*** INPUT MATERIAL ***

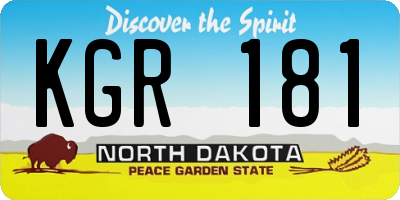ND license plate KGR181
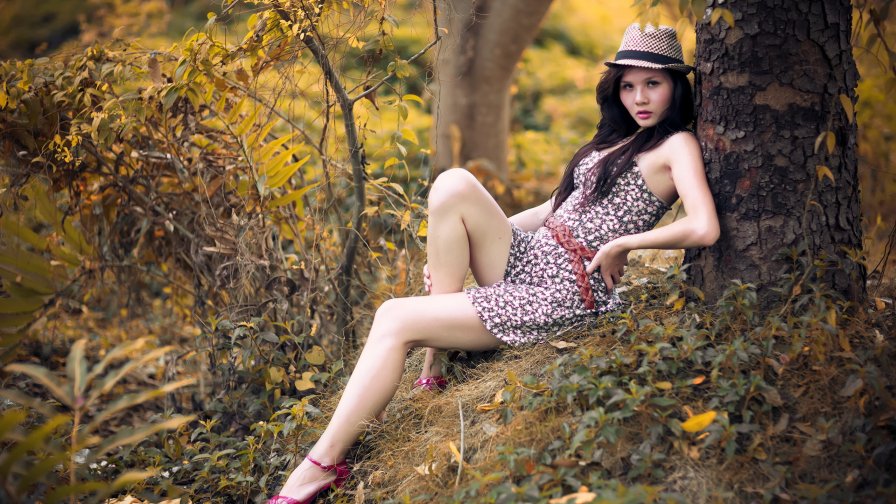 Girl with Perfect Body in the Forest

*** End of INPUT MATERIAL ***
*** INPUT MATERIAL ***

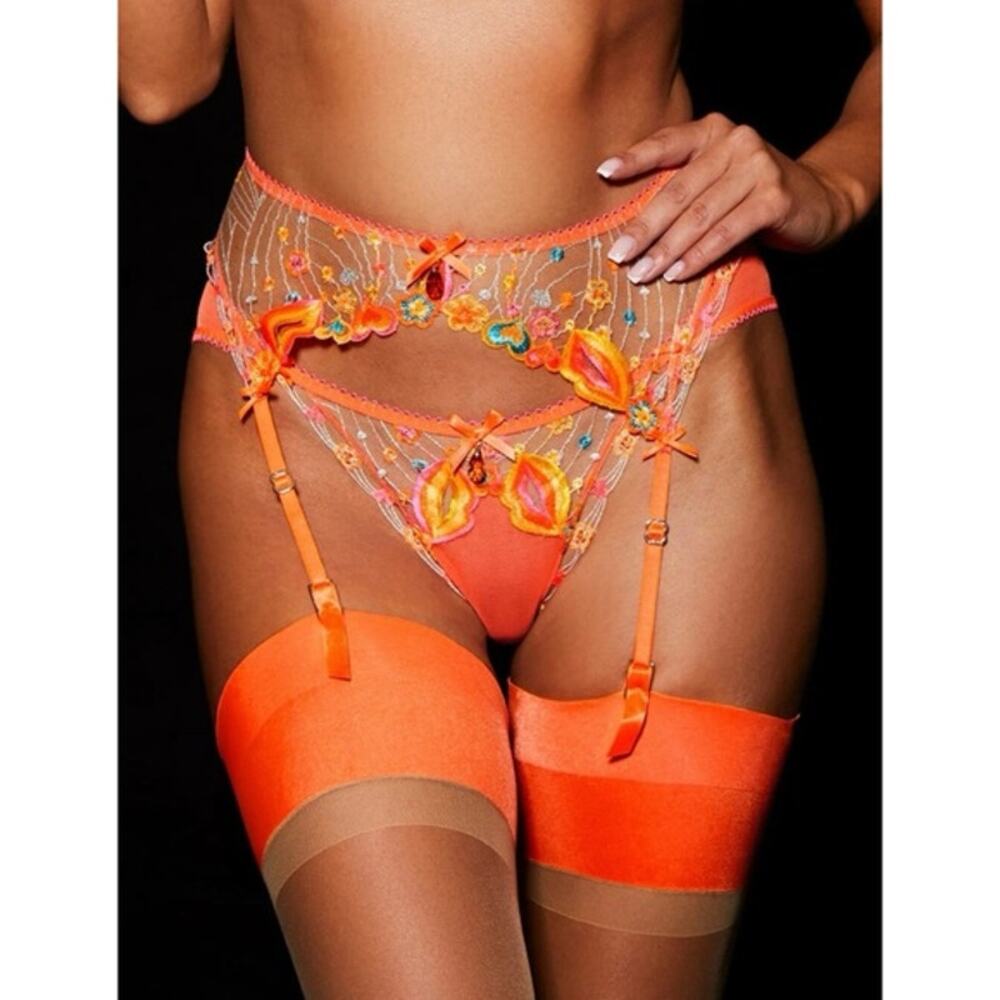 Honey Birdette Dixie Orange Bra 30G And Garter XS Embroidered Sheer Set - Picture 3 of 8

*** End of INPUT MATERIAL ***

_TASK STATEMENT_. Word for word, write out the lines above running from the one with "ND license plate KGR181" up to and including the one with "Girl with Perfect Body in the Forest". Drop any picture.

_RESPONSE AREA_.
ND license plate KGR181
 Girl with Perfect Body in the Forest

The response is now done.